• Records:

-*-

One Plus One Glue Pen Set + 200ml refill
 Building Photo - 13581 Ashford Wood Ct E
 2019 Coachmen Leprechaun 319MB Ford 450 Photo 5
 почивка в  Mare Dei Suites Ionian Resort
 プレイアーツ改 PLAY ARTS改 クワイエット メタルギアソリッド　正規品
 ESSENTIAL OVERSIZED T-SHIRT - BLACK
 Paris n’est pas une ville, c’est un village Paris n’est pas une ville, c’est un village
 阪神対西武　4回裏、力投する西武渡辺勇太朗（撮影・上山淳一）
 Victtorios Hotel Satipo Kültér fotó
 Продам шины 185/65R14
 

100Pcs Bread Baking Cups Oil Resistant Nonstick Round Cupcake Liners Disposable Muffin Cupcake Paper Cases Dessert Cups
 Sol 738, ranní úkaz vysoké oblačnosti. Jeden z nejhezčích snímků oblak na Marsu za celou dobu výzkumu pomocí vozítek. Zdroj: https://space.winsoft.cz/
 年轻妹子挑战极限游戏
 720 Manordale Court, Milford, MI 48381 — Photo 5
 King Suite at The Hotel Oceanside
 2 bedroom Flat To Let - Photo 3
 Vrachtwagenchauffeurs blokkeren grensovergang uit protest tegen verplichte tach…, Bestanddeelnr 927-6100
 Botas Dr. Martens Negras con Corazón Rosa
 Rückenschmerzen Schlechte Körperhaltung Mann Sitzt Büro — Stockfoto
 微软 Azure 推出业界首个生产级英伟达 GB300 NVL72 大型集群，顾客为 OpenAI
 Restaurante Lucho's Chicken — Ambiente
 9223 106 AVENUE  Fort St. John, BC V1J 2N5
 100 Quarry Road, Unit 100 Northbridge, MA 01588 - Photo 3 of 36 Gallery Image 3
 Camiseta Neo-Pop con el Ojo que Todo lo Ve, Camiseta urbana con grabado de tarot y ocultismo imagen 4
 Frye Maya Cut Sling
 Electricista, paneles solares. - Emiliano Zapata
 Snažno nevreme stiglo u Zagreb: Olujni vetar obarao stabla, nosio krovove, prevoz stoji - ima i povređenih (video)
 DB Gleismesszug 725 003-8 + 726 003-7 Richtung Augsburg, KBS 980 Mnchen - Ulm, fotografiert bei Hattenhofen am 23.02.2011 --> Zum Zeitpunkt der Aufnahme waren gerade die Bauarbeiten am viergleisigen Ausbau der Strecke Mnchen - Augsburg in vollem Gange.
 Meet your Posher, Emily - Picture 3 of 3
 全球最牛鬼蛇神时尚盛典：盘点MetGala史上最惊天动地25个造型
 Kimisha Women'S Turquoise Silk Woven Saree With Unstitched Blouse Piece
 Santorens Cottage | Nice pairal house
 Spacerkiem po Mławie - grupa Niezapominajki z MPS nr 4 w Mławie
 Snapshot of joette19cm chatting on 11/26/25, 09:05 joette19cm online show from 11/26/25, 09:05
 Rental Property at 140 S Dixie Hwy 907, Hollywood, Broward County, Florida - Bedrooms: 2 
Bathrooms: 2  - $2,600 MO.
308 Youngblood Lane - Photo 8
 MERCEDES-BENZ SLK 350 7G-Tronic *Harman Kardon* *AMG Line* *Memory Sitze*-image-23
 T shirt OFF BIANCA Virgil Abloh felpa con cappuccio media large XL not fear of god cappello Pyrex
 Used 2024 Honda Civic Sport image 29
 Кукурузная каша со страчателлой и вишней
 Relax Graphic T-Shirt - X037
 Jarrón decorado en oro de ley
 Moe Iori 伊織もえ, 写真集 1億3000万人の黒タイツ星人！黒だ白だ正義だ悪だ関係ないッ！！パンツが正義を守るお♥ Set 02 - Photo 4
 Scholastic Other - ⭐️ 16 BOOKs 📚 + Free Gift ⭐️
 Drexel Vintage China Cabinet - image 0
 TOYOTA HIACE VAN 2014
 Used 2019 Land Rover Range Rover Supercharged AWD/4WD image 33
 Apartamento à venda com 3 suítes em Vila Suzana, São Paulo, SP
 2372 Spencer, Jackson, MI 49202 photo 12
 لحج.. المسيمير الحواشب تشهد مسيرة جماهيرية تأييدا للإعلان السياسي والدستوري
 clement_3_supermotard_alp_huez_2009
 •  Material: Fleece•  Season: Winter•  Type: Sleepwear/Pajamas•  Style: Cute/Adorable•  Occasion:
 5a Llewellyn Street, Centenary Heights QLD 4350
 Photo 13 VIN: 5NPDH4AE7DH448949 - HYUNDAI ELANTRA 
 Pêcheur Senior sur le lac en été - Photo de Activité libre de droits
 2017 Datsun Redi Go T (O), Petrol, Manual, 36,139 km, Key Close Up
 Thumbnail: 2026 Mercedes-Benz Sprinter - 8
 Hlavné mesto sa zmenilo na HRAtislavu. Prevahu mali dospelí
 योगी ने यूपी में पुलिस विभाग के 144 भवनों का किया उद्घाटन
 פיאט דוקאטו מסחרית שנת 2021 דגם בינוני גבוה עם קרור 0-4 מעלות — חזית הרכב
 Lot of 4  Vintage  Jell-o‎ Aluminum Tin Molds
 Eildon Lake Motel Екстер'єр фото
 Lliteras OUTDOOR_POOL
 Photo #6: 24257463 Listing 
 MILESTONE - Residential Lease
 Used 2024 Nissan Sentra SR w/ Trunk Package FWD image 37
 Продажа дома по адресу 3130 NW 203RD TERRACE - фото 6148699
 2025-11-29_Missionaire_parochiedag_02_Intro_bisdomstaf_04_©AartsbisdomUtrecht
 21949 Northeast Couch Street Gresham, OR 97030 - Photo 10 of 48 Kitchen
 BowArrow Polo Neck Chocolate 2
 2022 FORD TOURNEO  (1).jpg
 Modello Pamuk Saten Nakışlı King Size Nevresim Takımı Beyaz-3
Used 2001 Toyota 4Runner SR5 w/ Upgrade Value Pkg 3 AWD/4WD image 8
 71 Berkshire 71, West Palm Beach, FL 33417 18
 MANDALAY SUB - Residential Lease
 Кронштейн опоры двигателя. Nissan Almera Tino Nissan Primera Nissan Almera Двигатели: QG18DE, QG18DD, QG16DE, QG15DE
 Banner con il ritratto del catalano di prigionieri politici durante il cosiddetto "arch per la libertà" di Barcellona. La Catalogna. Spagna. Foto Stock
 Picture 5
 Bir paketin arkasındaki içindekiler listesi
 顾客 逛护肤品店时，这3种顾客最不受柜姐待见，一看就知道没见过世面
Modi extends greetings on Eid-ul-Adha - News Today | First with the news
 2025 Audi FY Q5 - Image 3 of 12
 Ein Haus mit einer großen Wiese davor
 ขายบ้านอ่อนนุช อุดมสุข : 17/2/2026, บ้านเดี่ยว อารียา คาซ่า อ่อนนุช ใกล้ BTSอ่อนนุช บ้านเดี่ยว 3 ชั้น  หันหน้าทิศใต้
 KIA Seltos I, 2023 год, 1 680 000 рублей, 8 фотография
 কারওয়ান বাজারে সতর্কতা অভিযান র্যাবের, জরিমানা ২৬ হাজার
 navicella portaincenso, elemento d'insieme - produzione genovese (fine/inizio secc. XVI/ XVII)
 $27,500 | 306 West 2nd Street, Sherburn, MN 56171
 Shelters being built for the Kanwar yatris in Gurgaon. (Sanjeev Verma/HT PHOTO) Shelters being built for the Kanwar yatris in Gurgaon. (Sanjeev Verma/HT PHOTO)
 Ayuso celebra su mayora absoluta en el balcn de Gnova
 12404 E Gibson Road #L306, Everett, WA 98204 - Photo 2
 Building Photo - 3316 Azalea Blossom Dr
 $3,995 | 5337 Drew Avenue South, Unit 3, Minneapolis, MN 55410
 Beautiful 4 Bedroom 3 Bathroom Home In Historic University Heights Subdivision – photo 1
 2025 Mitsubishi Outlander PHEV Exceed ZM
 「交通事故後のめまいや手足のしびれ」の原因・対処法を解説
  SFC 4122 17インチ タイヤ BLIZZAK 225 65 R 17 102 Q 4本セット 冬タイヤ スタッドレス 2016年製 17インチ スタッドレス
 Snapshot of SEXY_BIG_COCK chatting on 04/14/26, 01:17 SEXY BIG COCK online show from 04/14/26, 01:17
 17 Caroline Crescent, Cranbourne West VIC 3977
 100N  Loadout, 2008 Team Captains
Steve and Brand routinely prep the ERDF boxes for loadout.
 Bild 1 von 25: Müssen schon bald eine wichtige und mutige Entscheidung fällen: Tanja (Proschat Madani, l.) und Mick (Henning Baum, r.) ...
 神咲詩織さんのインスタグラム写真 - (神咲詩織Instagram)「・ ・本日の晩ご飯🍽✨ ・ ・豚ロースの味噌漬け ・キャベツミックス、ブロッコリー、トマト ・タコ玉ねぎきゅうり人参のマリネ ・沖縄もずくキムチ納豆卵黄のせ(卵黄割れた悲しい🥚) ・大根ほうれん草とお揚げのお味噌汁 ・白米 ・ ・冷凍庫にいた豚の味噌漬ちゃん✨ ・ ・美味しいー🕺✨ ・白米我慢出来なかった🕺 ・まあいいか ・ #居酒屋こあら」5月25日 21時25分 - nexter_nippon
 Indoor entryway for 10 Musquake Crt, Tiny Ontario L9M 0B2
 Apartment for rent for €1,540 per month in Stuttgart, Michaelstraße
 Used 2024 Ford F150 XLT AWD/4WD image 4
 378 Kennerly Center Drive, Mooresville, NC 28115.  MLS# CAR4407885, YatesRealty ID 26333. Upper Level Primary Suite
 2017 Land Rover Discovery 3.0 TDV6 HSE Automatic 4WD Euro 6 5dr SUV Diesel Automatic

-*-

• What you have to do:
Using the data above, print exactly the lines from the line that contains "9223 106 AVENUE" through the line that contains "Electricista, paneles solares.", with both included.

• Result of this exercise:
 9223 106 AVENUE  Fort St. John, BC V1J 2N5
 100 Quarry Road, Unit 100 Northbridge, MA 01588 - Photo 3 of 36 Gallery Image 3
 Camiseta Neo-Pop con el Ojo que Todo lo Ve, Camiseta urbana con grabado de tarot y ocultismo imagen 4
 Frye Maya Cut Sling
 Electricista, paneles solares. - Emiliano Zapata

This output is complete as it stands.